Sin embargo, la carga de esta narrativa afecta negativamente la postura de estos países frente a la cooperación regional e internacional en la lucha contra el narcotráfico. La tendencia está marcada por el deseo de simplificar un problema complejo, atribuyendo culpas a un solo actor cuando, en realidad, las dinámicas del narcotráfico son multifacéticas y requieren una solución integral. Las alianzas entre cárteles mexicanos y brasileños, junto con bandas locales, complican la escena, y esta interrelación no se puede ignorar si realmente se desea abordar el problema del narcotráfico con eficacia.
El consumo de drogas en estos países añade otra capa de complejidad. La cocaína, la pasta base y, en menor medida, los opioides y estimulantes, marcan una realidad preocupante que trasciende las fronteras. En Argentina, por ejemplo, la alarmante presencia de fentanilo contaminado en el mercado negro revela un floreciente problema que podría extenderse rápidamente. La coincidencia de intereses entre bandas criminales y ciertos sectores de la industria farmacéutica ilustra cómo el narcotráfico se infiltra en todos los niveles de la sociedad, con la mirada complaciente del gobierno de Javier Milei.
Las autoridades de estos países, al buscar culpables fáciles, desvían la atención de la necesidad urgente de abordar las causas profundas de la violencia y la inseguridad relacionadas con las drogas. Es mucho más fácil señalar al Cártel de los Soles que enfrentarse a la corrupción local, a la falta de oportunidades y a una economía informal saturada de actividades delictivas. La propia historia reciente de América Latina está llena de ejemplos donde se han tomado decisiones políticas basadas en narrativas simplificadoras, resultando en conflictos prolongados y en la perpetuación de ciclos de violencia.
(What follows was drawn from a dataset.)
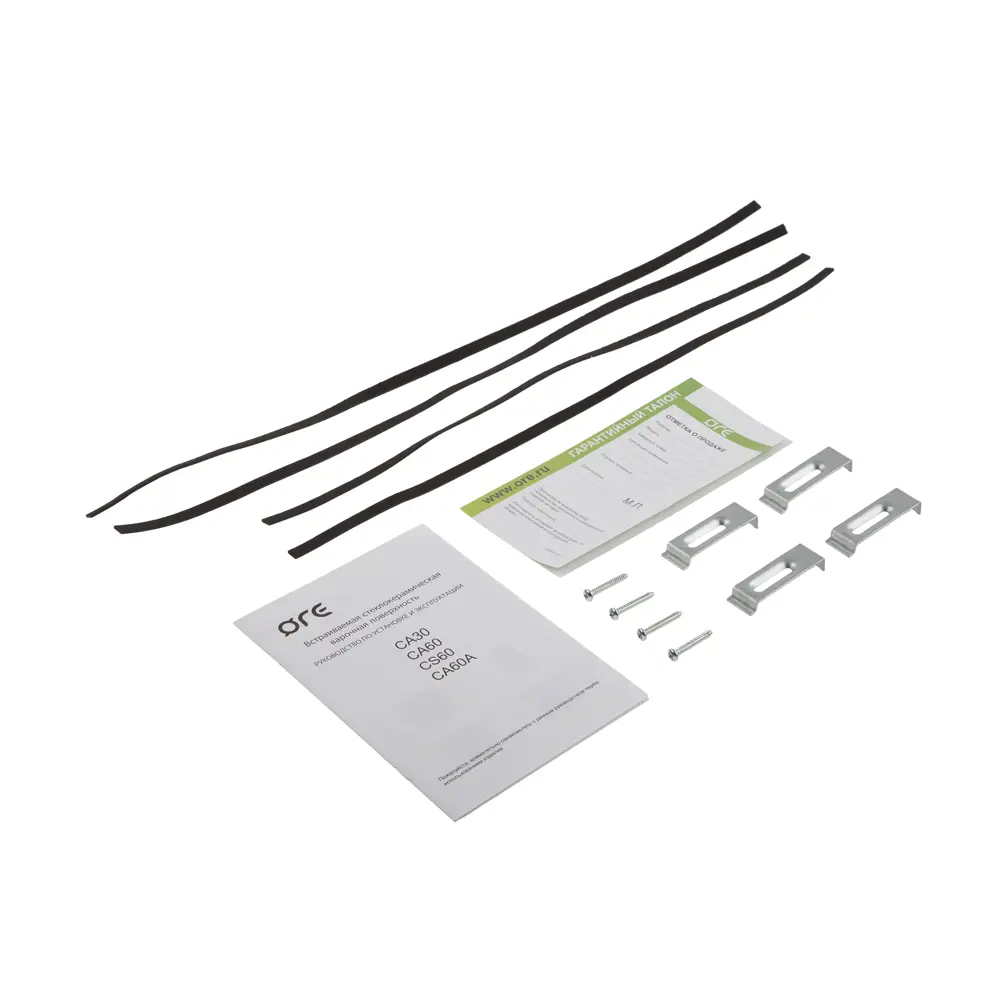 Варочная панель электрическая ORE CA60 с сенсорным управлением 85691294 STLM-0065302 - Вид №5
Algunos podrían argumentar que la descripción del Gobierno venezolano como un narcoestado justifica intervenciones externas bajo el pretexto de proteger la seguridad regional. Sin embargo, estas intervenciones pueden resultar contraproducentes, alimentando el resentimiento entre las naciones latinoamericanas y debilitando aún más las estructuras gubernamentales que ya luchan por mantener el control en medio de la presión del narcotráfico. Además, el enfoque unilateral que adopta Estados Unidos respecto a la política antidrogas ha fracasado consistentemente, creando más problemas de los que resuelve.
La estrategia elaborada por Marco Rubio y respaldada por la administración Trump para demonizar a Venezuela no solo es irresponsable, sino que es peligrosamente simplista. La lucha contra el narcotráfico en América Latina requiere de un enfoque más matizado y colaborativo, que no se limita a la designación de culpables, sino que busque soluciones integrales que consideren la diversidad de actores y factores involucrados. La realidad del narcotráfico es compleja y multifacética, y solo a través de una comprensión adecuada de sus dinámicas internas podremos avanzar hacia una solución que promueva la paz y la seguridad en nuestra región.